* WHAT THE EXERCISE ASKS *
Using the listing below, please print exactly the lines from the one with "New single select filter with Manager label." through the one with "Vintage Industrial Metal". Leave out every picture.

* TASK DATA *
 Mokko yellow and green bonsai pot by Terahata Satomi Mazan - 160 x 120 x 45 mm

---

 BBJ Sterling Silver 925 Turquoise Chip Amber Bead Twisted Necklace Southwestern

* * *

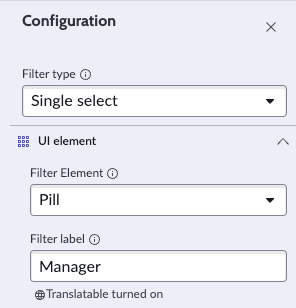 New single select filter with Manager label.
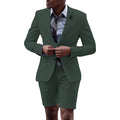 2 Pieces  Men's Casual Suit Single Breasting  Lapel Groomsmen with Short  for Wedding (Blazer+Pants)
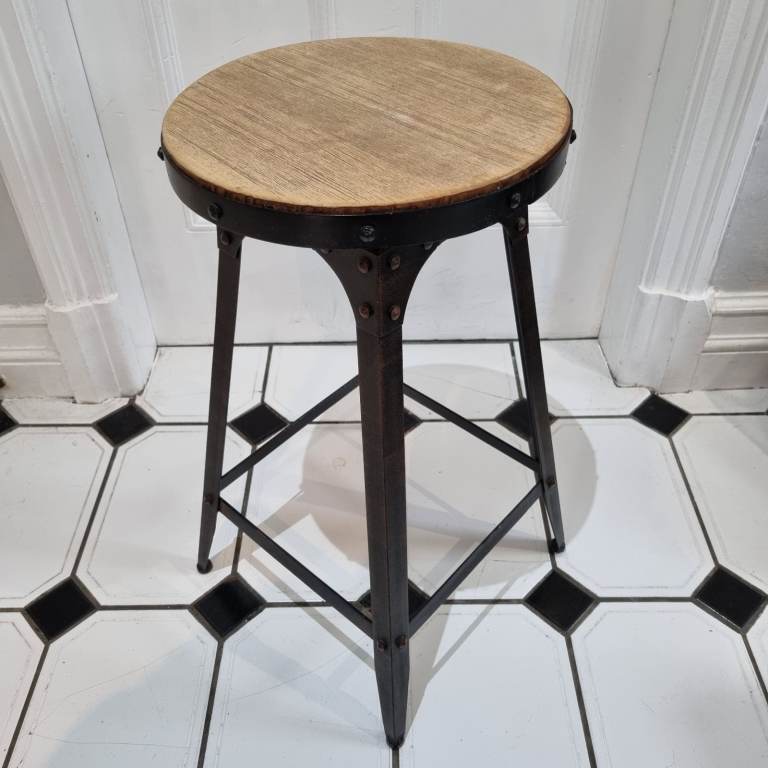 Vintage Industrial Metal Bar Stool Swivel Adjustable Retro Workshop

* TASK OUTPUT *
 New single select filter with Manager label.
 2 Pieces  Men's Casual Suit Single Breasting  Lapel Groomsmen with Short  for Wedding (Blazer+Pants)
 Vintage Industrial Metal Bar Stool Swivel Adjustable Retro Workshop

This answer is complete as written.